References: How preferences become reward signals

Source material

Source material:
• Stanford CME 295: Transformers & Large Language Models, Autumn 2025
  Instructor: Afshine Amidi & Shervine Amidi, Stanford University
  Course site: https://cme295.stanford.edu/
  Cheatsheet: https://cme295.stanford.edu/cheatsheet/
  Source lecture (Lecture 5, LLM tuning): https://www.youtube.com/watch?v=PmW_TMQ3l0I
  License (lecture videos): as published on Stanford's public YouTube channel
  License (Amidi cheatsheets): MIT
This lesson adapts the preference-data and reward-model section of Stanford
CME 295 Lecture 5 (roughly 00:05:08 through 00:42:00). The RL update step
(PPO, DPO, KL penalty, reward hacking) is deliberately deferred to the next
lesson in this phase. Clawdemy provides original notes, summaries, and
quizzes derived from this material for educational purposes. All rights to
the original lectures remain with Stanford and the instructors.

Going deeper

A short list, chosen for durability. Each link is for a specific next step, not a generic “learn more.”

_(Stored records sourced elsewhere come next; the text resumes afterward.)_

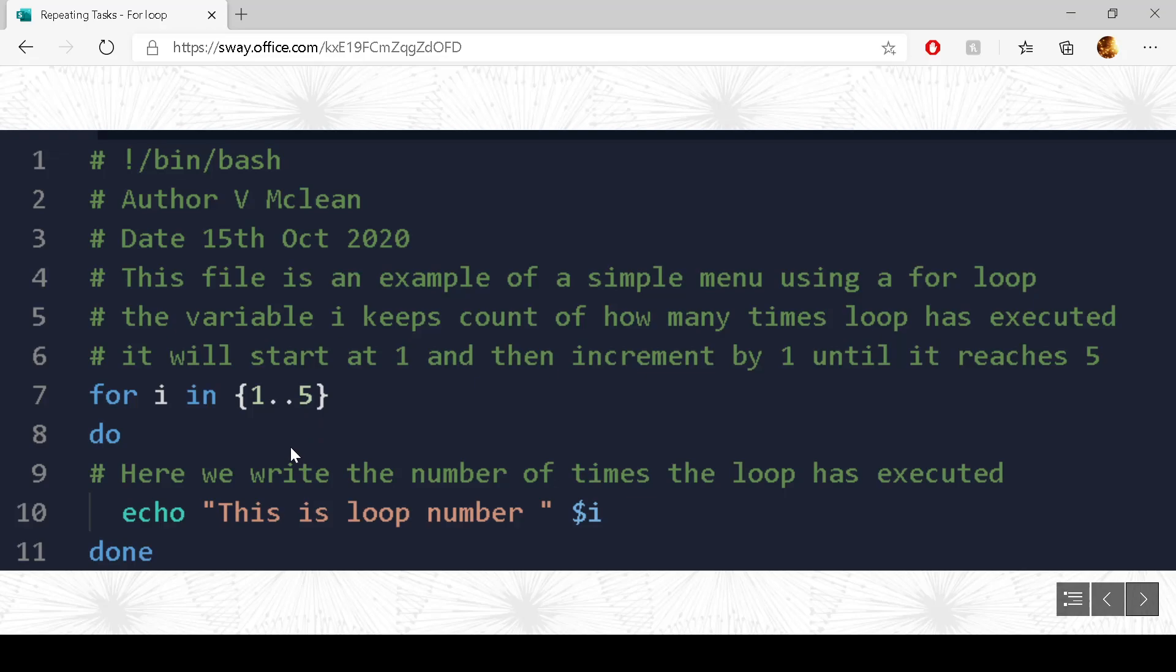So we go down to the do section, and do whatsoever is in the do section. So we write out this is loop number 3. And then we go down to done again. Come back up, increment i by 1, which is done automatically for us. So it's still within the range 1 to 5, so that's fine.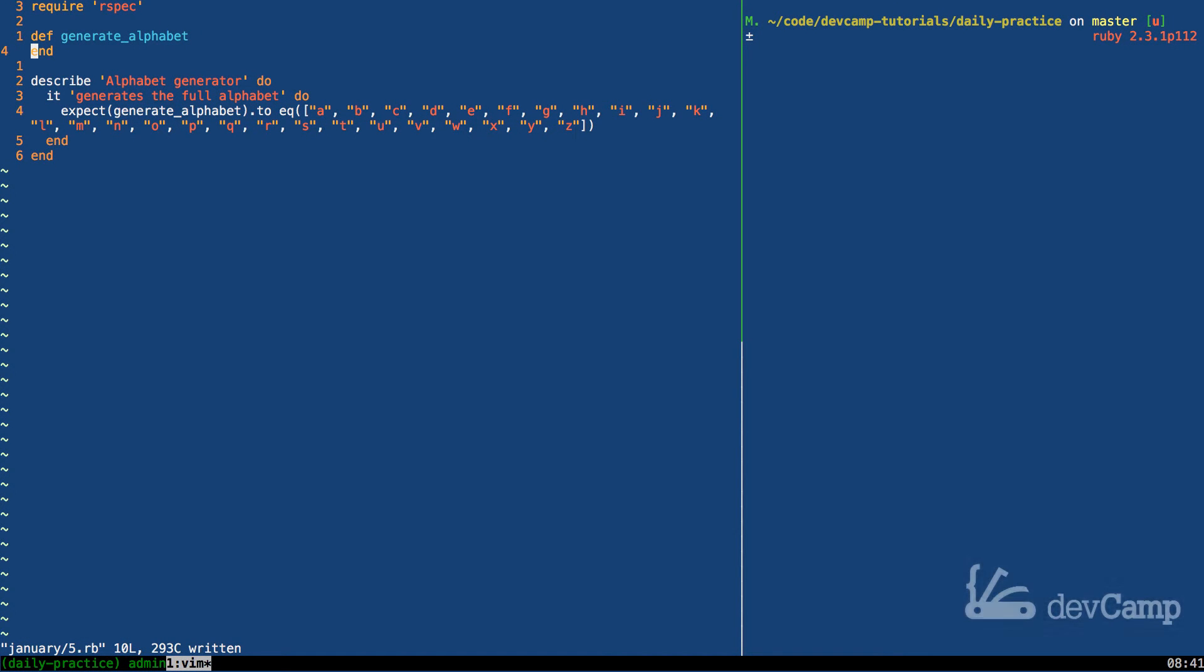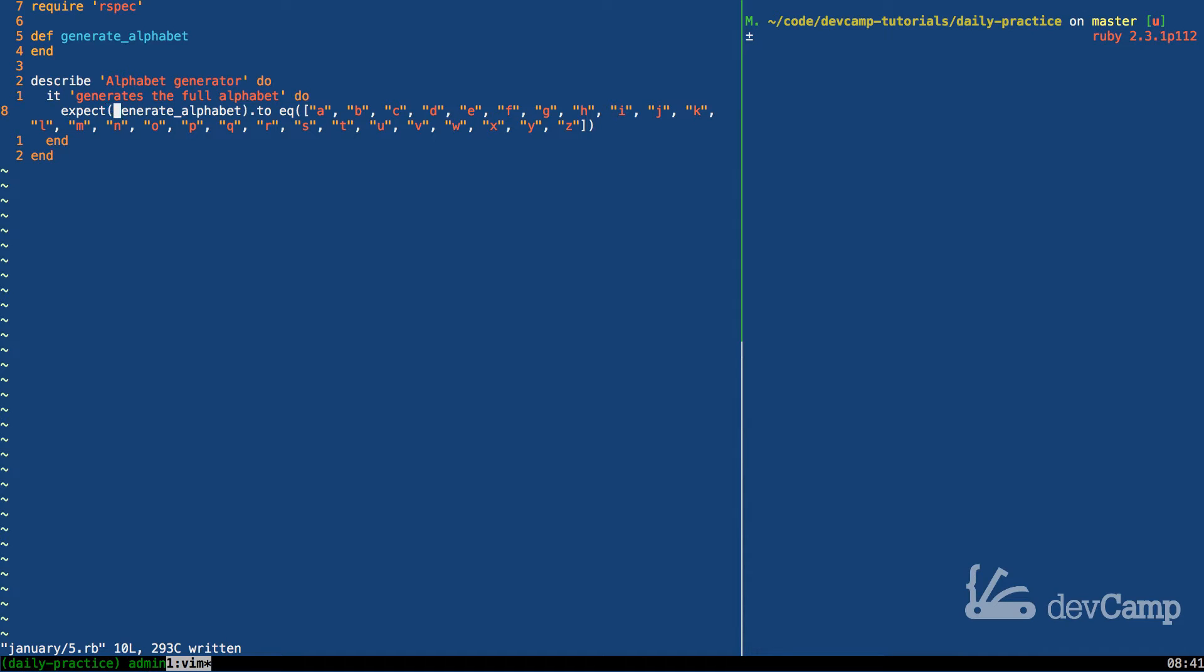In this coding exercise guide we've been asked to create the alphabet using a method and to store the alphabet in an array. If we take a look at our test we can see that the expectation is that we can call this method and then the return value should be an array of strings going from A all the way through Z.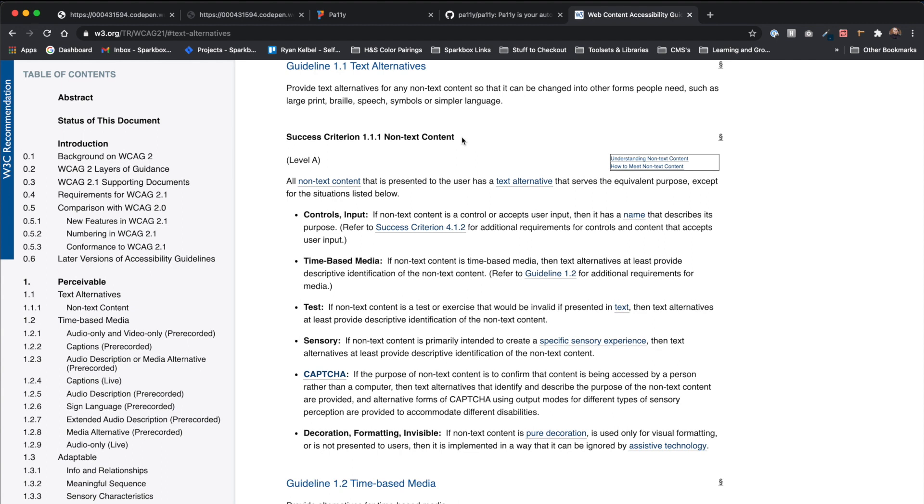We can reference the WCAG 2.1 guidelines overview to get more info following that mapping description. Using that information will give you further guidance on fixing the error and understanding why it failed.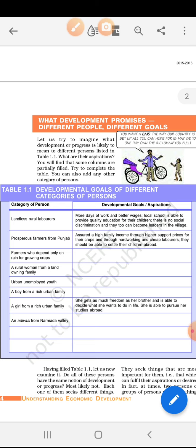A boy from a rich urban family — rich urban family ka jo boy hai, wo chahega ki acche schools mein usko admission mile. A girl from a rich urban family — city ke andar ek rich prosperous family ki jo girl hai — she gets as much freedom as her brother. Sabse pehli cheez usko chahiye equality, ki jitna freedom mere bhai ko milta hai utna freedom mujhe bhi diya jaye, and she is able to decide what she wants to do in her life, apne decisions khud le sake. She is able to pursue her studies abroad — wo bhi chahti hai ki uske bhai ki tarah use bhi study ke liye abroad bheja jaye.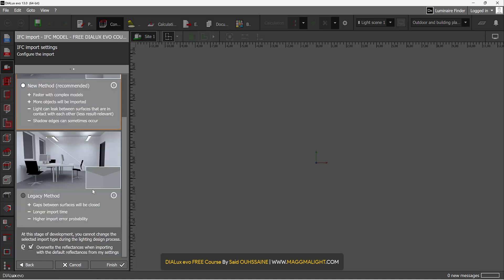It's okay. Then on here, you can check this to override the reflectances when importing with the default reflectances from my settings. It depends on what you want.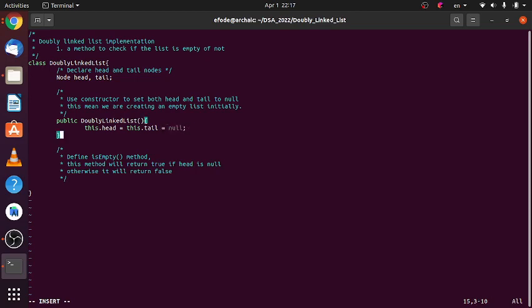And then finally, let's define our isEmpty method. This method will return true if the head is null, otherwise it will return false. That means if our head is null the list is empty, otherwise that means we have something in the list.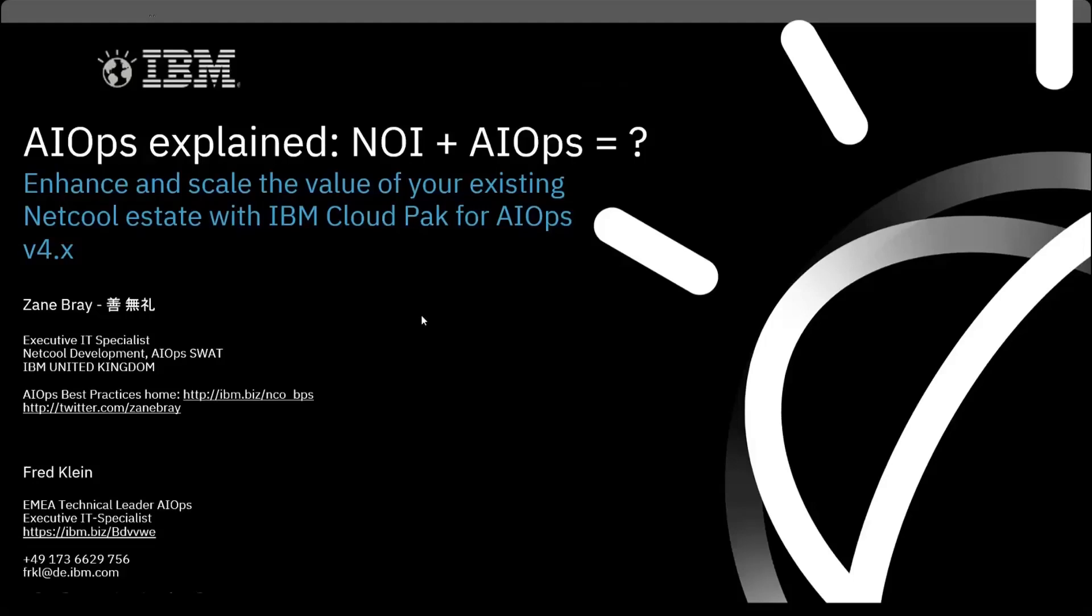Hello everybody, this is another instance of AIOps Explained. A warm welcome from Berlin, as usual.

“Training language models to follow instructions with human feedback”, Ouyang et al., 2022. The InstructGPT paper. Section 3.6 covers the reward model specifically: the labeling setup, the dataset composition, and the training objective used to turn preference pairs into a scoring function. This is the closest published description of the preference-data and reward-model pipeline this lesson describes. Read Section 3.6 if you want to see what the process looks like at a production lab, with the specific choices and numbers.
“Rank analysis of incomplete block designs: I. The method of paired comparisons”, Bradley and Terry, 1952. The original Bradley-Terry paper from Biometrika. It is a statistics paper, not an ML paper, and the notation is dated; most readers will prefer a modern explainer. It is listed here because the name appears in ML papers and release notes, and knowing the primary source helps when you want to understand what the name actually refers to.
“RewardBench: Evaluating Reward Models for Language Modeling”, Lambert et al., 2024. A benchmark for evaluating reward models across multiple dimensions: chat, safety, reasoning, and instruction following. Useful if you want to understand how reward models are assessed after training, what “a good reward model” means empirically, and where current reward models tend to fail. The paper’s evaluation of several frontier reward models also illustrates the “different dimensions, different models” point the lesson makes.
Hugging Face TRL documentation: reward model training. The reference implementation used by most open-source RLHF pipelines today. The RewardTrainer documentation covers the practical setup: how to structure preference datasets, how the Bradley-Terry loss is implemented, and what the output checkpoint looks like. If you want to see a working implementation of what this lesson described conceptually, this is the entry point.
Stanford CME 295 cheatsheet by the Amidi twins. MIT-licensed. The post-pretraining section (Section 5) covers SFT, preference tuning, and RLHF in their dense visual style. The reward-model and preference-data subsections pair well with this lesson’s flashcards as a single-page review surface.

Adjacent topics

Topics that build on or sit beside this one.

Reward hacking. The reward model is an approximation of human preference, not a perfect measure of it. When the LLM is updated to maximize the reward model’s score (next lesson), it sometimes finds response strategies that score high on the reward model but are not actually helpful or safe: a property called reward hacking. The lesson names the phenomenon; understanding it in depth requires reading about the RL update step (next lesson) and the mitigations (KL penalty, iterative data collection).
Direct Preference Optimization (DPO). DPO is an alternative to the two-stage RLHF procedure this lesson describes. Instead of training an explicit reward model and then running RL, DPO trains the LLM directly on preference pairs, collapsing both stages into one. The next lesson covers this. The DPO paper (Rafailov et al., 2023) is the canonical reference: arxiv.org/abs/2305.18290.
Constitutional AI. Anthropic’s approach to preference data collection that uses a set of principles (a “constitution”) to guide both the AI-feedback labels and the training objective. Related to RLAIF; the paper (Bai et al., 2022) is at arxiv.org/abs/2212.08073.
What comes after stage one. Lesson 3 of this phase, on how the reward model is used to update the LLM (PPO and DPO as the two main algorithm families), is the direct continuation.

Community discussion

None selected for this lesson. The public discussion of reward models and preference data has consolidated around the lab papers above, the TRL implementation, and the RewardBench evaluation work. If a canonical forum thread or blog post surfaces that durably extends one of these references, it will be added at the next quarterly review.